4. CFRunLoopObserver

  观察runloop的各种状态。

struct __CFRunLoopObserver {
    CFRuntimeBase _base;
    pthread_mutex_t _lock;
    CFRunLoopRef _runLoop;
    CFIndex _rlCount;
    CFOptionFlags _activities;		/* immutable */
    CFIndex _order;			/* immutable */
    CFRunLoopObserverCallBack _callout;	/* immutable */
    CFRunLoopObserverContext _context;	/* immutable, except invalidation */
};

  可被观察的状态有如下几种

typedef CF_OPTIONS(CFOptionFlags, CFRunLoopActivity) {
    kCFRunLoopEntry = (1UL << 0), // 进入runloop
    kCFRunLoopBeforeTimers = (1UL << 1), // 即将处理timer
    kCFRunLoopBeforeSources = (1UL << 2), // 即将处理source
    kCFRunLoopBeforeWaiting = (1UL << 5), // 即将进入睡眠
    kCFRunLoopAfterWaiting = (1UL << 6), // 唤醒后
    kCFRunLoopExit = (1UL << 7), // 退出runloop
    kCFRunLoopAllActivities = 0x0FFFFFFFU
};

5. CFRunLoopTimer

  可以在设定的时间到达后触发回调。

struct __CFRunLoopTimer {
    CFRuntimeBase _base;
    uint16_t _bits;
    pthread_mutex_t _lock;
    CFRunLoopRef _runLoop;
    CFMutableSetRef _rlModes;
    CFAbsoluteTime _nextFireDate;
    CFTimeInterval _interval;		/* immutable */
    CFTimeInterval _tolerance;          /* mutable */
    uint64_t _fireTSR;			/* TSR units */
    CFIndex _order;			/* immutable */
    CFRunLoopTimerCallBack _callout;	/* immutable */
    CFRunLoopTimerContext _context;	/* immutable, except invalidation */
};

0x02 获取线程

1. CFRunLoopGetMain

  内部调用了_CFRunLoopGet0函数，传入的参数是主线程。

CFRunLoopRef CFRunLoopGetMain(void) {
    CHECK_FOR_FORK();
    static CFRunLoopRef __main = NULL; // no retain needed
    if (!__main) __main = _CFRunLoopGet0(pthread_main_thread_np()); // no CAS needed
    return __main;
}

2. CFRunLoopGetCurrent

  跟CFRunLoopGetMain函数一样，调用的同样是_CFRunLoopGet0函数，只是参数不同，这里的入参是当前所在线程。

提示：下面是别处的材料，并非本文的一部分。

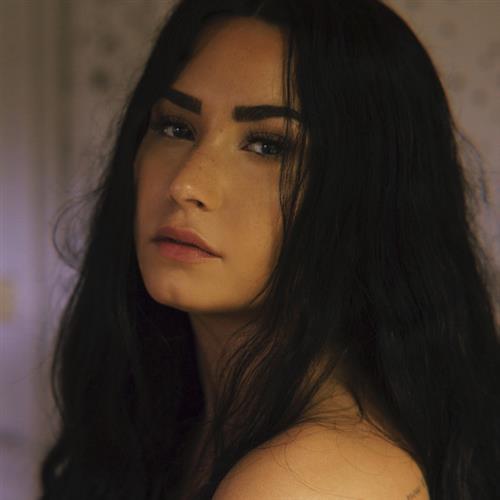 Demi Lovato Sober profile image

CFRunLoopRef CFRunLoopGetCurrent(void) {
    CHECK_FOR_FORK();
    CFRunLoopRef rl = (CFRunLoopRef)_CFGetTSD(__CFTSDKeyRunLoop);
    if (rl) return rl;
    return _CFRunLoopGet0(pthread_self());
}

3. CFRunLoopGet0

  既然CFRunLoopGetMain和CFRunLoopGetCurrent都调用了_CFRunLoopGet0函数，我们看下这个函数的实现。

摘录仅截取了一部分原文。